Personal information
- Full name: Boris Gujić
- Date of birth: July 9, 1986 (age 40)
- Place of birth: Zenica, SR Bosnia and Herzegovina, Yugoslavia
- Height: 1.74 m (5 ft 8+1⁄2 in)
- Position: Midfielder

Senior career*
- Years: Team / Apps / (Gls)
- 2002–2006: Bratstvo Bratunac / 75 / (38)
- 2006–2008: Senta / 54 / (26)
- 2008–2012: Kaposvár Rákóczi / 105 / (3)
- 2012: FK Sarajevo / 9 / (0)
- 2013: Senta / 12 / (4)
- 2013: Mladost V.O. / 13 / (1)

= Boris Gujić =

Bosnian-Herzegovinian footballer (born 1986)

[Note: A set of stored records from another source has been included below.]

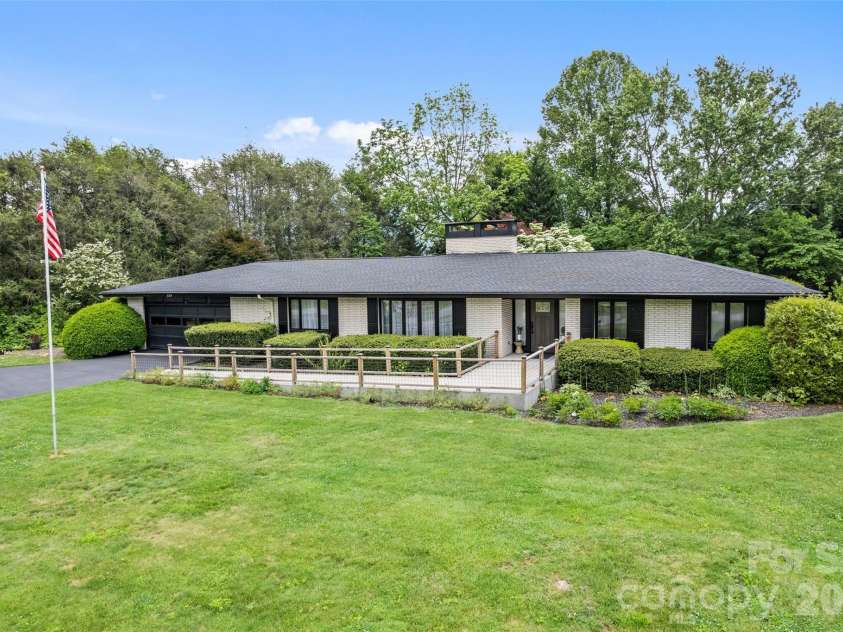 225 Valley View Terrace, Waynesville, NC 28786.  MLS# CAR4393686, YatesRealty ID 31966. 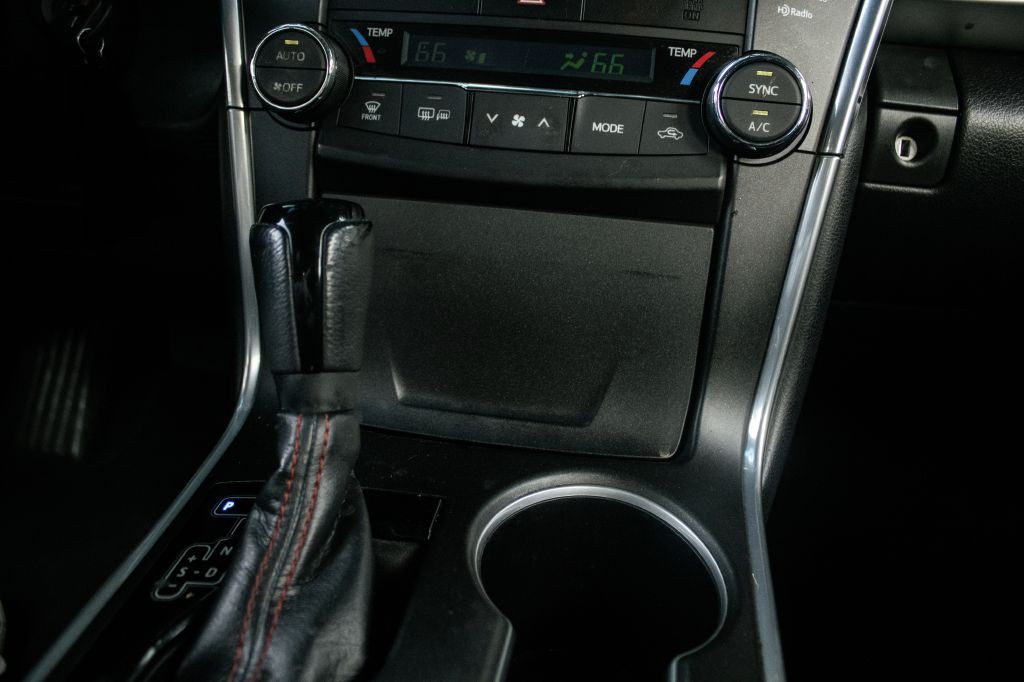 2015 Toyota Camry Image 65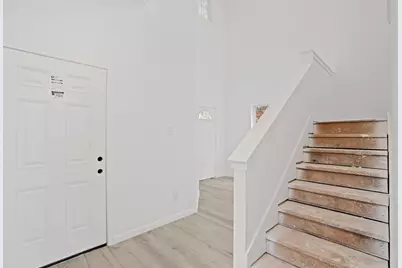 13902 Leabrandon Lane, Houston, TX 77045 - Photo 4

Boris Gujić (Борис Гујић, born 9 July 1986) is a Bosnian footballer who plays for Las Vegas Legends professional team in Major Arena Soccer League in USA.

==Club career==
Born in Zenica, SR Bosnia and Herzegovina, SFR Yugoslavia, he started his career at FK Bratstvo from Bratunac. In 2006, he joined Serbian side FK Senta, and between 2006 and 2008 he played for FK Senta tier. In 2008, he moved to Hungary where he played the following 4 seasons in the Nemzeti Bajnokság I with Kaposvári Rákóczi FC. In summer 2012 he returned to Bosnia and Herzegovina and joined Premier League side FK Sarajevo. However, during the winter break of the 2012–13 season, he returned to Serbia to his former club FK Senta now playing in the Serbian third level, the Serbian League Vojvodina. In summer 2013 he joined newly promoted Bosnian Premier League side FK Mladost Velika Obarska. From Avgust 2014 Boris is playing in Major Arena Soccer League in USA for Las Vegas Legends from Las Vegas. He was also part of Serbia national team, which participated in Indoor Soccer World Cup played 2015 in USA.